10:03 AM, 11th August 2023, About 9 months ago

Ian I Totally agree as I am in the same situation.

Gromit

10:19 AM, 11th August 2023, About 9 months ago

Typical Government using a sledgehammer to crack a non-existent nut, and not having the foggiest idea how it'll be implemented nor the consequences of doing so.
But it does tick a box and gets Greta Thunberg off their backs so it's all worth it.

Derek t

10:31 AM, 11th August 2023, About 9 months ago

We won’t be doing any upgrading tenants will be given notice and property sold can’t wait to get out of this game everything stacked against us it’s not fun anymore

Churchills Tax Advisers

11:47 AM, 11th August 2023, About 9 months ago

Reply to the comment left by Derek t at 11/08/2023 - 10:31
You probably will not be able to give notice. Anyone would think it is your property:-D

Blodwyn

12:01 PM, 11th August 2023, About 9 months ago

I'm afraid there's no point expecting sense from the government, it's waking up to the approaching disaster that may come next year when the Great British Public hold them to account for Boris and his selfish stupidity, Truss and her henchman Kwasi whose combined idiocy did far reaching damage to our national reputation let alone our economy and other manifold sins to be trotted out by sniggering Labour and Lib Dem zealots?
They are left blowing with every wind that promises votes, promises that anyone with political experience knows are never fulfilled.
Why aren't councils building council houses on land that is being handed over to builders who want a huge profit from their labours, not council houses for a reasonable rent?? It's not impossible. I'm not the only person who was brought up near excellent council house estates? They worked then, why not now?
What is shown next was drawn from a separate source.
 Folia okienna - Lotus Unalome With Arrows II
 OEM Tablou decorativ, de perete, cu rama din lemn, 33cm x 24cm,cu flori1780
Peter Wood (alias Hawkeye)

12:29 PM, 11th August 2023, About 9 months ago

When / if they introduce the same compulsory ‘A-C’ EPC upgrades for all residential homes … even a more even interesting scenario.

Graham Bowcock

13:17 PM, 11th August 2023, About 9 months ago

Maybe time to sell up Ian.

Not said with any disrespect as I am offloading houses myself, as are many of the landlords of my agency.

However, some will wortk through all the issues to comply with the laws, whatever they think of those laws.

My mother is tenant of a house with a G EPC. the owner has done minimal works and obtained an exemption due to the costs incurred. Quite frankly this is not really good enough - if it hadn't been the family home for so long (it's a farmhouse and we suewd to run the farm) I wouldn't expect anyone to live in it. Far too cold and very costly to heat - coal fires and storage heaters.

Slooky

14:10 PM, 11th August 2023, About 9 months ago

Reply to the comment left by Graham Bowcock at 11/08/2023 - 13:17
My understanding is that if the tenant doesn't want the work done (as many don't) they only need to write a letter to say so. The work is then postponed until the tenant moves out.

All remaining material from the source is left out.